*Description of the task*
The reply to the records below should contain exactly the lines from the line with "Children play video" through the line with "Lámpara de pared", and nothing besides.

*Record set*
■ ■ ■ ■ ■ ■ ■

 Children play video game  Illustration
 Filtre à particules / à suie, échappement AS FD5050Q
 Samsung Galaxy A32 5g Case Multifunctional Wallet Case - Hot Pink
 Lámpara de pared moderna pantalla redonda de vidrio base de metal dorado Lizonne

■ ■ ■ ■ ■ ■ ■

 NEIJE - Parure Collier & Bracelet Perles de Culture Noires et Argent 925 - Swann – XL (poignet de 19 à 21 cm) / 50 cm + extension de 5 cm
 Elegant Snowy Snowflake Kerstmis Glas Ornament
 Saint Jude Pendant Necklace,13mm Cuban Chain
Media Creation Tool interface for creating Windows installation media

■ ■ ■ ■ ■ ■ ■

*Solution to this exercise*
 Children play video game  Illustration
 Filtre à particules / à suie, échappement AS FD5050Q
 Samsung Galaxy A32 5g Case Multifunctional Wallet Case - Hot Pink
 Lámpara de pared moderna pantalla redonda de vidrio base de metal dorado Lizonne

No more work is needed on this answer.